Applications use the send HTTP POST method to invoke a RPC to a remote device, with the message body containing the request and the parameters. Once Cometa receives an RPC message for the device from the application, it relays the request to the device and expects a synchronous reply to the message. The reply received from the device is then relayed back to the requesting application as response to the RPC invocation.

A more performing method to send RPC invocation messages to devices is for an application to open the Cometa WebSocket for the device and just write and read to and from the WebSocket. Using a WebSocket avoids the overhead of establishing an HTTP connection for every RPC invocation.

Wire Protocol

A device attached to Cometa has a bi-directional transport for RPC and an upstream data pipe for events, but Cometa does not enforce any wire protocol, that is left to the application. For the benchmarks in this report no wire protocol has been adopted, with simulated devices responding to any request with a message of certain length.

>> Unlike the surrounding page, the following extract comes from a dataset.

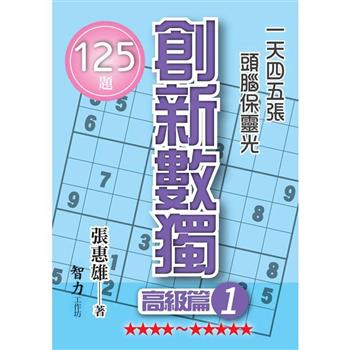 創新數獨：高級篇1(袖珍版)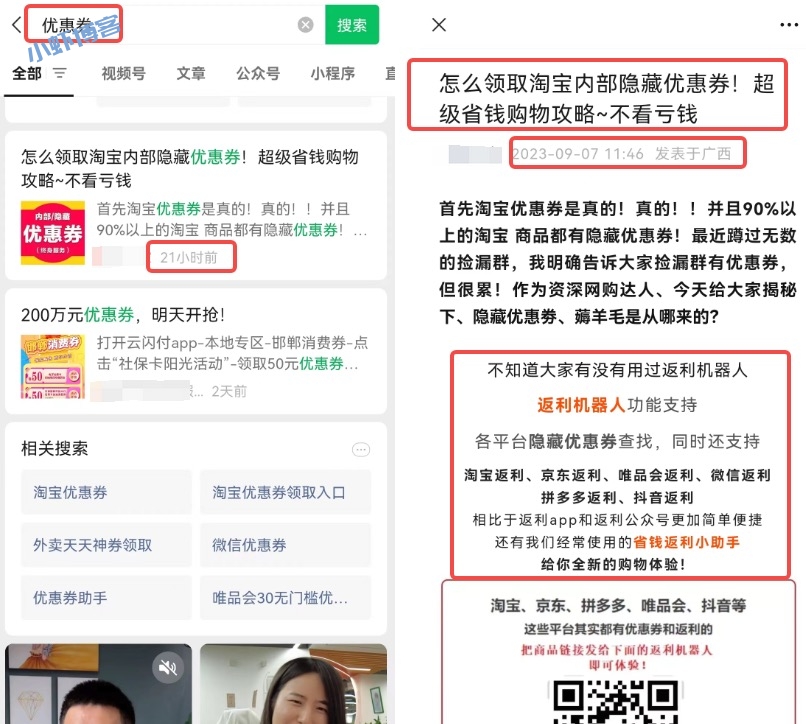 公众号流量新入口?盘点一下最近更新的流量入口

Scalability of the Cometa Server

Since the Cometa server has to maintain all the connections with the remote devices available all the time, it cannot be scaled horizontally with the use of a load balancer of reverse proxy which by definition do not establish long-lived connections. The implementation of the Cometa edge server must therefore allow for the largest possible number of simultaneous connections and still maintain a response time that does not degrade with a growing number of connected devices.

The 1024k Problem

The requirement to scale the edge server vertically poses several implementation challenges, which have been described in the literature as the C10K problem . The problem's name is a numeronym for "ten thousand clients". In our case we decided to tackle the C1024K "one million clients" problem instead, that is more in line with the requirements of a 21st century network infrastructure.


The common approach in HTTP servers is to spawn a new thread for each client request, like in the Apache Web Server , the most popular web server on the Internet since 1996. In Cometa, since a connection must be maintained forever, this approach would quickly lead to a server resource overload because a significant amount of memory is allocated for each thread, and to CPU overload due to the thread context switching when a high number of request must be satisfied.

Cometa multi-threading takes advantage of multiple CPUs in modern servers and individual threads are each capable of managing a high number of concurrent device connections and requests. The number of threads, all capable of similar operations, rather than a function of connections, is more of a function of the number of CPUs of the server, and it is a configuration parameter.

Asynchronous I/O

To allow for parallel processing of simultaneous network requests in each thread, Cometa adopts asynchronous I/O (non-blocking) network communication. The ability for an application in the UNIX OS to use asynchronous communication relies on the paradigm that every resource in UNIX is a file and referred to with a file descriptor. This is also the case for Sockets used for TCP/IP style of communication needed for an HTTP connection that uses TCP.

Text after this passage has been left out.